The Domestic Terrorism Prevention Act is the latest iteration of a Democratic push to enlarge the federal government's surveillance powers, according to Republican naysayers.
The House recently passed the bill along party lines. It became a legislative priority after a gunman who espoused white supremacist views killed 10 people and injured three at a supermarket in a predominantly black neighborhood of Buffalo, New York. Though both parties condemned the atrocity in the strongest possible terms, most of the GOP refused to support the Democratic effort to direct more government resources toward preventing this kind of domestic terrorism.
The act was introduced in January 2021 following the Jan. 6 Capitol riot. It would create offices to combat domestic terrorism in the FBI, the Department of Justice, and the Department of Homeland Security, which would give biannual reports about the state of domestic extremism in the United States.
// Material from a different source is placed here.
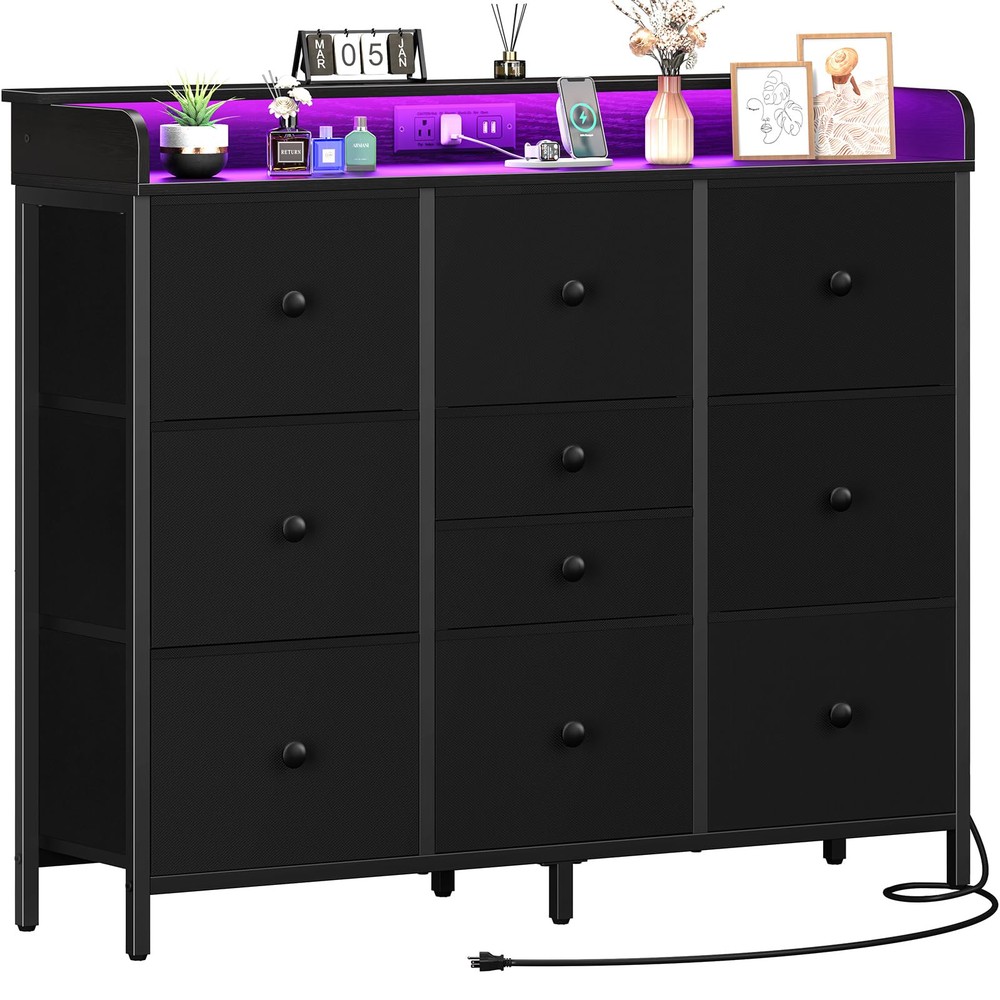Yoobure Dresser for Bedroom with Charging Station and LED Lights, Tall Dresse...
Additionally, the bill would create a “task force to analyze and combat White supremacist and neo-Nazi infiltration of the uniformed services and federal law enforcement agencies.” As for budget, the bill specifies that the agencies appropriate “such sums as may be necessary,” essentially a blank check.
The Democrats of the House Judiciary Committee tweeted, “The Domestic Terrorism Prevention Act is the least we can do to signal our opposition to white nationalism and this rising menace of organized intolerance.”
The GOP leadership advised members to vote against the bill because it “would create unnecessary and duplicative domestic terrorism offices” and “these agencies already have the necessary authorities to investigate, prosecute, and interrupt legitimate domestic terrorists.”
“By diverting resources that could be used to actually combat domestic terrorism mandating investigation into the armed services and law enforcement, this bill further weaponizes and emboldens the DOJ to target Americans’ First Amendment rights to go after those who they see as political threats,” the party leadership said in an email.
The fear that intelligence and investigative agencies might overreach if given the opportunity was already realized last year. Last fall, the DOJ formed a task force to investigate parents who protested at school board meetings at the request of the National School Boards Association. FBI emails leaked to House Republicans showed that school board threats were getting investigated using "counterterrorism tools."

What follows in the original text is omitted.